Tras haber pensado en matar a sus víctimas y destruir sus viviendas, a Jeta-de-Través se le había ocurrido una idea mejor: la extorsión y el chantaje. Dejando tras de sí cadáveres y ruina, habría acabado llamando la atención de las autoridades; pero si recaudaba las riquezas de sus «protegidos» obligados al silencio, seguiría en la sombra y multiplicaría los excelentes negocios.

El Anunciador estaría, muy pronto, orgulloso de él.

Menfis dejaba maravillado a Shab
el Retorcido
. El puerto, el mercado, los puestos, los barrios populares, las calles hormigueantes de egipcios y extranjeros, todo le fascinaba. Los días le parecían demasiado cortos, necesitaría meses, si no años, para descubrir los mil y un atractivos de aquella capital agitada que nunca conocía el reposo.

El Anunciador, en cambio, parecía indiferente a aquel tumulto. Se metía entre la población como un fantasma en el que nadie se fijaba. Gracias a su poder de seducción, no había tardado en encontrar un alojamiento modesto unido a una tienda cerrada desde hacía varias semanas.

—Vamos a convertirnos en honestos comerciantes —dijo el Anunciador a su pequeña tropa— y haremos que el vecindario nos aprecie. Mezclaos con los menfitas, tened amantes, id a las tabernas.

El programa estaba muy lejos de disgustar a los interesados, que limpiaron los locales y los dotaron de esteras, cestos y anaqueles.

El Anunciador llevó a Shab hacia el puerto.

De pronto, gritos de alegría brotaron de toda la ciudad, y las calles se llenaron de una multitud ruidosa que entonó cánticos a la gloria de Sesostris.

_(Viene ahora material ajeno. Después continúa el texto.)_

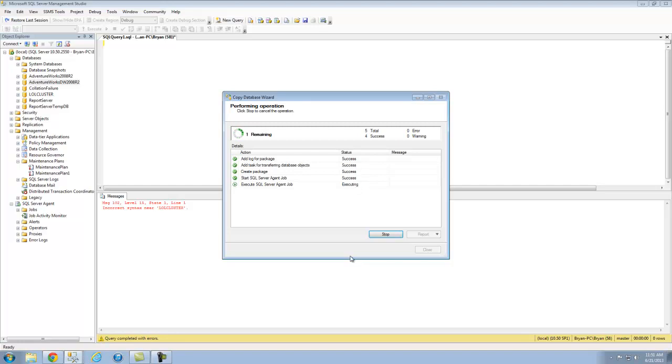We can see here it's executing. It's almost done. We can see that this is very lightweight, it's very easy to use and very, very fast.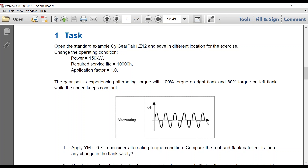What we're looking at right now is 100% torque on the right flank and 80% torque on the left flank. Initially, what we can do is look at the bending factor from our factors page and see how that compares to our rating life. We assume that this makes it to our full 10,000 hours.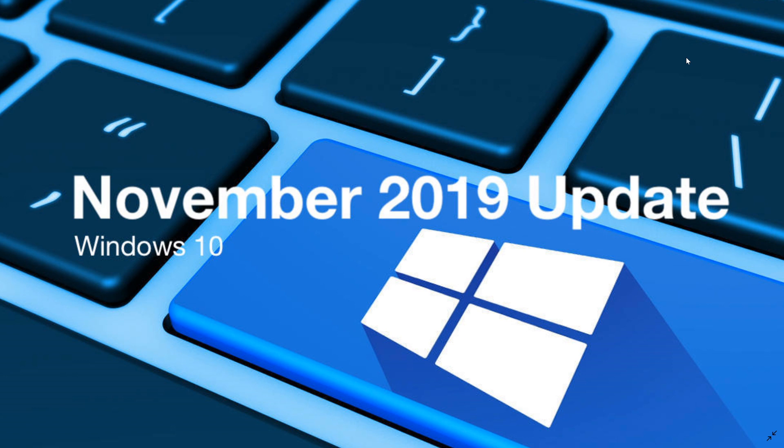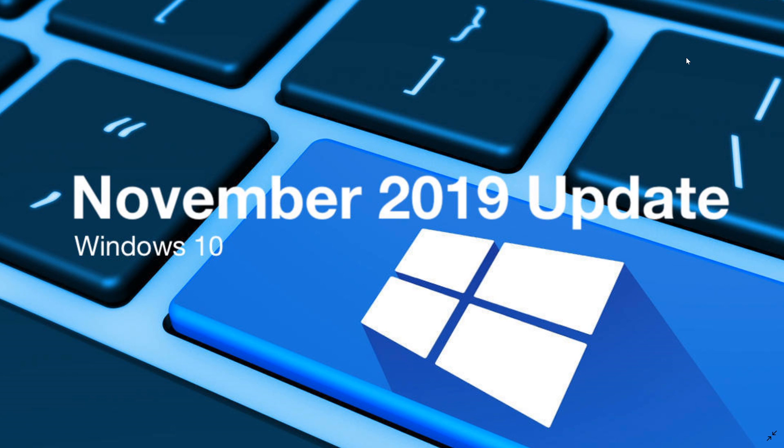For those that are scared of losing their files, I saw somebody said, oh, I've updated to the November and I lost my files again like last time. It's not that it's impossible, but I doubt that it did happen, because this update is not like previous updates.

El Anunciador se dirigió a un hombre de edad, algo más tranquilo que sus conciudadanos.

—¿Qué ocurre?

—Teníamos una crecida insuficiente, pero el faraón ha confraternizado con el genio del Nilo. Egipto tendrá agua en abundancia, el espectro de la hambruna ha desaparecido.

Temblando de gozo, el viandante se unió a los festejos.

—Mala noticia —reconoció el Anunciador—. No creía que Sesostris se atreviera a hollar el territorio sagrado de Biggeh y a aventurarse hasta las fuentes ocultas del Nilo.

—¿Habíais… habíais estado allí? —se extrañó
el Retorcido
.

—Las cinco mesas de ofrenda de los últimos días del año habían sido profanadas y la circulación de la energía se había interrumpido. Pero ese monarca ha tenido el valor de cruzar las barreras e imponer el orden en lugar del desorden. Es un adversario duro que no será fácil de vencer. Nuestra victoria será más hermosa así.

Shab
el Retorcido
tuvo miedo.

Miedo de aquel hombre que no lo era del todo, dados sus múltiples poderes. Nada, ni siquiera lo más sagrado, le detendría.

Como si conociera perfectamente Menfis, el Anunciador se introdujo sin vacilar en una sucesión de callejas situadas tras el puerto y acabó dando cuatro golpes espaciados en la pequeña puerta de una casa destartalada.

Le respondió un golpe. El Anunciador dio dos más, muy rápidos.